Page 35 of Taming Achilles

She brought her bound hands down and offered them to me. I untied them, and reached to wipe her tears, but she turned away. She got up in one quick movement, pulling her jeans up in one go. Without a word or a backward glance, she walked to the bathroom with the dignity of a queen, despite the evidence of my misdeeds in her rumpled appearance

She slammed the bathroom door shut. I heard the running water of the bath as I got up, following behind her. I stopped at the door and placed my forehead against the wood.

What have I done?

Chapter 16

Pippa

I ran my hand under the faucet. It was as cold as ice. I put my hands into the filling tub until they got used to the temperature and turned pale. When it was full, I lowered myself into the cold, letting it engulf me, squeezing my lungs, taking away my air.

Pain is your friend. Pain tells you that you’re alive. It is a gift that draws you from the turmoil in your mind. Pain is grounding.

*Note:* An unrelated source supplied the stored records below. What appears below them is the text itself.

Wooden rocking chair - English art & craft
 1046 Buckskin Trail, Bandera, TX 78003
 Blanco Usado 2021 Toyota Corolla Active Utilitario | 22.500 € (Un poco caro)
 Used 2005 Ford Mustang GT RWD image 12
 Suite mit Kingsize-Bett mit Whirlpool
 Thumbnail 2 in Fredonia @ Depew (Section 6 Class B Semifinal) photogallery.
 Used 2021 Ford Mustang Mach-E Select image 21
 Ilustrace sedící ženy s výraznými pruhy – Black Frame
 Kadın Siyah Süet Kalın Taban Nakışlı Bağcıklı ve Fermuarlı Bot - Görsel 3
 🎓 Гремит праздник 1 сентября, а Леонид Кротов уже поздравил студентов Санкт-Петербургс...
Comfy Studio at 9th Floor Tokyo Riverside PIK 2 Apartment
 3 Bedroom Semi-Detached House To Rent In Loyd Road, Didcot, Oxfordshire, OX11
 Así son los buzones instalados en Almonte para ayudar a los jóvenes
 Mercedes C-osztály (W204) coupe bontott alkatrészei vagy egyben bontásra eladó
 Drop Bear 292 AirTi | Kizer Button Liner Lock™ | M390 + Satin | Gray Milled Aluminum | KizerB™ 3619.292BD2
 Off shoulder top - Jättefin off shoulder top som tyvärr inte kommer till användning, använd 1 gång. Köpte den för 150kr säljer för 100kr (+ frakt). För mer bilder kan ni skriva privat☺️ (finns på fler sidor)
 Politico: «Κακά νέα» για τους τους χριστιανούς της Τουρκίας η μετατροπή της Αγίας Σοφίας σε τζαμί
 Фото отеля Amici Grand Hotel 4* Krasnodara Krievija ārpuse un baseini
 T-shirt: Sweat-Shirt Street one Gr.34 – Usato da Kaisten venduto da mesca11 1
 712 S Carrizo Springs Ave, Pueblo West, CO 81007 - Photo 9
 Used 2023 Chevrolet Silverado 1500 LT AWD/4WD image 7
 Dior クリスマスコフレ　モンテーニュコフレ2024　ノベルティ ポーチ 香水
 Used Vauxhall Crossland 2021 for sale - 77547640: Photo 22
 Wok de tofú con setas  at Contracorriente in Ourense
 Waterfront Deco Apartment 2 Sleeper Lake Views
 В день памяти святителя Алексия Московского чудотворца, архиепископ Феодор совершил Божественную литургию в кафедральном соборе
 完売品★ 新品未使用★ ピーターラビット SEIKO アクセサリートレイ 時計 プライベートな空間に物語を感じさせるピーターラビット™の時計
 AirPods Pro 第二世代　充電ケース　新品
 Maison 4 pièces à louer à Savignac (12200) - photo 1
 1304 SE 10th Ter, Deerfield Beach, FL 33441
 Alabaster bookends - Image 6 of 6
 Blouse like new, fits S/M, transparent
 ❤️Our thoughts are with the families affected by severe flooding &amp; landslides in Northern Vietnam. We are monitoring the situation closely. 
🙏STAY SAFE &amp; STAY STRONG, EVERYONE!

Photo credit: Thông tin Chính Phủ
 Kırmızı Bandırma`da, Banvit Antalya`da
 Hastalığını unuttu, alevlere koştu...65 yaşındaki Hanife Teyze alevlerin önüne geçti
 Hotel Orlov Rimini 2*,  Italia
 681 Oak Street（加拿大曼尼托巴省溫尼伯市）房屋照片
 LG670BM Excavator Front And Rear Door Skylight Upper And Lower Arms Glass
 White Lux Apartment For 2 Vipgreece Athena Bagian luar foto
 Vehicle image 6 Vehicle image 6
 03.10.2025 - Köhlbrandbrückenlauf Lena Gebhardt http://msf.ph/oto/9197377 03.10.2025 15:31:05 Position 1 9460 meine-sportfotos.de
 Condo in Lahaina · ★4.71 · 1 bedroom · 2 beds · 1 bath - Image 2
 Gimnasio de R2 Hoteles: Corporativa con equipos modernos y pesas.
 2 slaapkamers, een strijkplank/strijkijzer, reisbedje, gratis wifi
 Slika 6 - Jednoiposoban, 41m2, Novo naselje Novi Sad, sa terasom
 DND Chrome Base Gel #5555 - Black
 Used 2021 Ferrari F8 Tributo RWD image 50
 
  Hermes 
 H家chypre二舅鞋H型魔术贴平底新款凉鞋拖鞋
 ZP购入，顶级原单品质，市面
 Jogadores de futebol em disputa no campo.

But I needed more. So much more. I needed the pain on my flesh to match the aching in my chest. I need pain. It had to freeze my bones so that I couldn’t feel the hurt in the chambers of my heart.

I lowered myself further, up to my chin. Then I closed my eyes, lowering myself again into it until my head was submerged. Under water, it was silent. I blew out my air, watching the bubbles rise. It burned in my lungs.

At least my lungs weren’t my heart. My muscles stiffened, my body had stopped shivering.

Yes. Yes. Yes! Turn your head to this pain. Don’t think about him. Don’t think about him … don’t …

I always thought that if I had to die, freezing to death would be ideal. It hurts at first, but people report that you actually stop feeling pain in the end. Your body quietly shuts down, and it’s akin to falling asleep. Maybe drowning would be good. No air in your lungs, you might get high before your body expires.

If Victor has to dispose of me, maybe I could request this. Don’t retire me with a bullet to the head. Plunge me into the arctic waters. Or I could do it myself. I tried to inhale, but it burned, so I stopped.

I wasn’t suicidal. But how lovely would it be not to wake up anymore? Not to fight for air, and face each day? Not to feel that undercurrent of pain and loneliness in every cell of my body, and just feel nothing? Nothing would be so lovely.

I couldn’t kill myself. But maybe I could surrender to death. Surely that was different. No one would miss me. Not really. Maybe Brett …

A shadow fell over me and I was hauled up by my shoulders, sputtering, my ears ringing to the loud shout of my name.

“What the fuck are you doing?” I knew that voice. “Pippa, have you gone mad?”

Geordie shook me, the air coming back into my lungs in agonising gasps. He pulled me out of the water, and the air felt warm against my frigid skin.

“What are you thinking?” He continued to scold.

I felt him taking off his shirt, and he pulled me against his naked chest, tossing a towel over the two of us. His skin burned, his coarse chest hair rough against my sensitive skin.

“Jesus, Pippa. What the fuck? What the fuck? What are you thinking?”

His arms were like a vice, holding me against him, tightening and tightening until I could barely breathe. When I thought I was as close to him as I could be, he held me even tighter, lifting me until I was straddling him, my legs around his waist as he sat on the tile.

It took a minute before I realised he was rocking me, crying into my hair.

“You’re so fucking cold, Pip. What were you thinking?” He was chanting it over and over. He said it like a prayer. “Why the fuck is the water able to get that cold anyway? Jesus. What a fucking design flaw.”

I wanted to laugh at his ramblings, but couldn’t. I didn’t have the energy.

I shivered as my body warmed. Feeling returned to my extremities. His hands rubbed my back. He grabbed another towel and tried to dry my hair, but gave up and just held me against him again.

“Pippa, why?” He pulled my head away, cupping one cheek in his hand, staring down into my face. His eyes were red-rimmed, and glossy. He had shed some tears that were lost in the cold rivulets made by my soaked hair on his skin. “What were you thinking?”

“I like the pain.” Was all I could think to say.

“What?” he said, his face disgusted. “Why?”

“Physical pain makes the other pain go away.”